Officials at the Internal Revenue Service are thinking about how employers can give employees cash that the employees can use to buy their own individual health coverage.
The IRS officials are preparing to implement draft regulations that could make cash-for-coverage arrangements available to employers of all sizes. Employers could provide the cash for coverage through health reimbursement arrangements (HRAs) .
IRS officials have put out a call for ideas about how to handle cash-for-coverage HRA compliance details in a new public notice, IRS Notice 2018-88.
In theory, the notice, and the underlying regulations, could create a new, employer-paid market for individual major medical coverage.
What’s in IRS Notice 2018-88?
The drafters of the underlying regulation want to make sure that the cash-for-coverage HRAs would be nondiscriminatory, and that the employees would end up with individual major medical coverage.
In the new notice, IRS officials ask for comments about how they could verify what’s happening, and create “safe harbors” that would let employers know what kinds of arrangements were appropriate.
Officials note, for example, that employers would have to show that an individual coverage HRA was affordable for the employees. Officials say the IRS and its parent, the U.S. Treasury Department worry that requiring employers to document affordability one employee at a time would be too difficult and too expensive.
“This, in turn, could undermine the goal of expanding the use of HRAs,” officials write.

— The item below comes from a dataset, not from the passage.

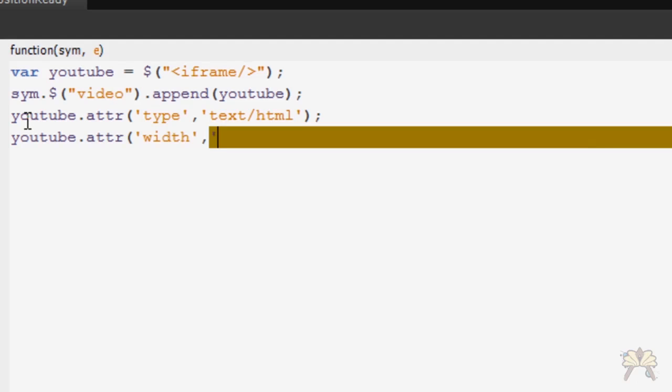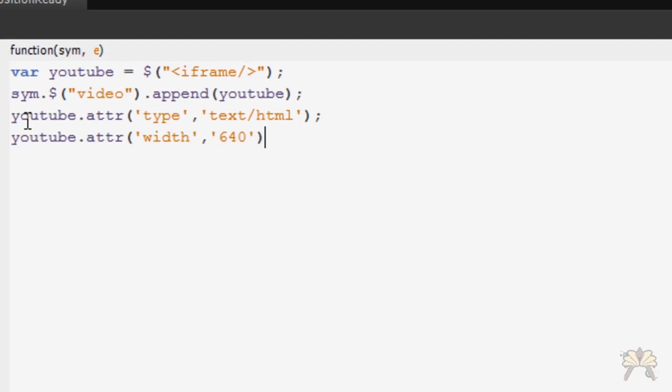Obviously this is where the width goes and it's going to be 640 and now we're going to do the height.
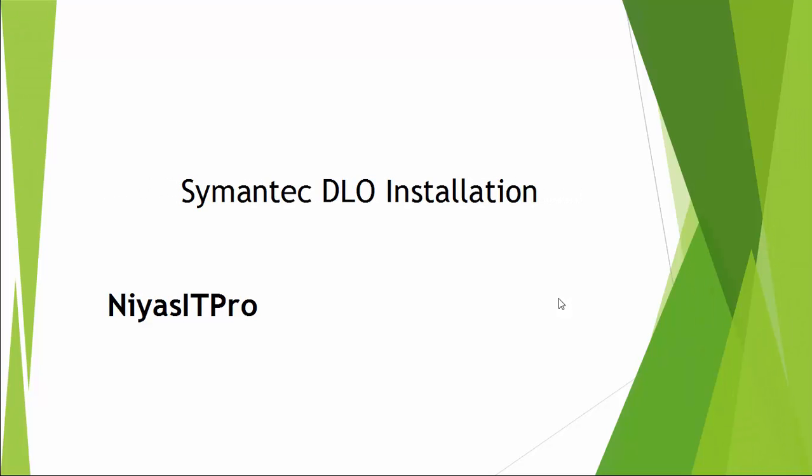Hello and welcome to this video series on Symantec DLO installation. In this video series, we are going to watch a demonstration on how to install Symantec Desktop and Laptop Option.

Officials say they expect to issue safe harbor guidance on affordability. A large employer that’s required to provide affordable coverage could base affordability calculations on whether an employee could afford self-only coverage from the lowest-cost silver-level plan available through the ACA public exchange that serves the employee’s primary site of employment, rather than the employee’s place of residence.
Knowing an employee’s site of employment might be much easier for an employer than knowing the employee’s place of residence, officials say.
Officials say they are interested in hearing suggestions about how they could create a safe harbor for including an employee’s age in the affordability calculations. They are also interested in hearing ideas about how to handle cash-for-coverage HRAs with plan years that start on dates other than Jan. 1.
Responses to the new IRS notice are due Dec. 28.